Hacking the Casebook
In the past I’ve pimped MIT course ware and other free offerings from major universities and this is an exciting development for those types of courses. Universities are becoming more expensive, but at the same time less valuable — many of the transcendent and breaking technologies can’t be found there yet, and when they can they can be out of date, limited, and sometimes inflexible in meeting new adaptations. If Universities want to improve their cost / benefit structure for students they will improve their currency while also adding “lifetime subscriptions” with that diploma.
Traditional law school casebooks are expensive, bulky and stagnant.

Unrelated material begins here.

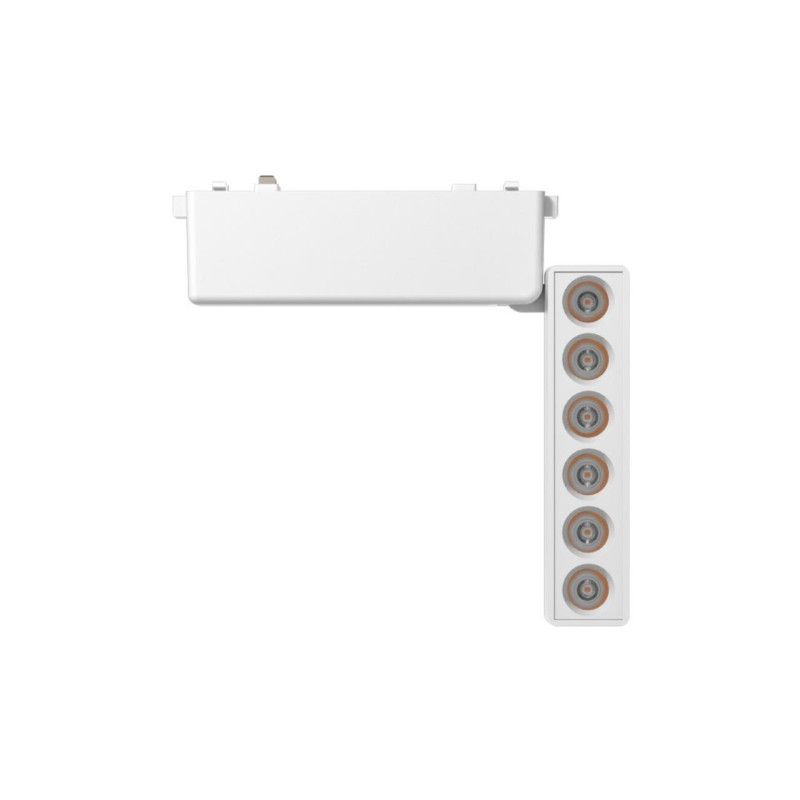 Светильник на шине 12,2*2,6*8 см 6W, 4000K, Aployt Magnetic track 48 APL.0102.10.06, белый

With the support of the HLS Library, Berkman has been updating our suite of classroom tools, H2O, to create an online alternative to casebooks that are free, online and remixable. H2O includes our new tool Collage for editing down and annotating cases, Playlists for aggregating materials, the Question Tool for in-classroom back channel, and the Rotisserie for out-of-class discussion. In this lunch we’ll demo some of the tools (all still in alpha) and show how Jonathan Zittrain’s Torts class is using them this term.
H2O is an open source, educational exchange platform that explores powerful ways to connect professors, students, and researchers online. There are four tools within the H2O platform: the Question tool, the Rotisserie, Playlists and Collage.
The question tool is an organized backchannel for conferences and classes that allows participants to submit, answer, and vote on questions. It’s an effective way to keep feedback focused, direct speakers to audience interests, and potentially prevent the mic from being hijacked by that weirdo.
Rotisserie discussions represent an innovative approach to online discussion that encourages measured, thoughtful discourse in a way that that traditional threaded messaging systems do not, in the process solving some of the universal complaints about online discussion boards: that the substance of discussions is poor, that participants post quickly rather than thoughtfully, that participation is uneven (most people lurk, and a few posters dominate the rest), and that discussion forums are segregated into balkanized communities of people with similar thoughts and beliefs.
An H2O playlist is a shared list of readings (links to books and articles) and other content about a topic of intellectual interest. It is a simple yet powerful way to group and exchange useful links to information — online and offline. It can be used as a syllabus or reading list for a class. The playlist items can then be remixed by other authors, lending influence to the items themselves and their original contributors.
Finally, Collage is the newest tool being added to the H2O platform. Collage is an annotation engine for online materials. It allows for tagging text, annotating it, and hiding portions of text without changing the original document.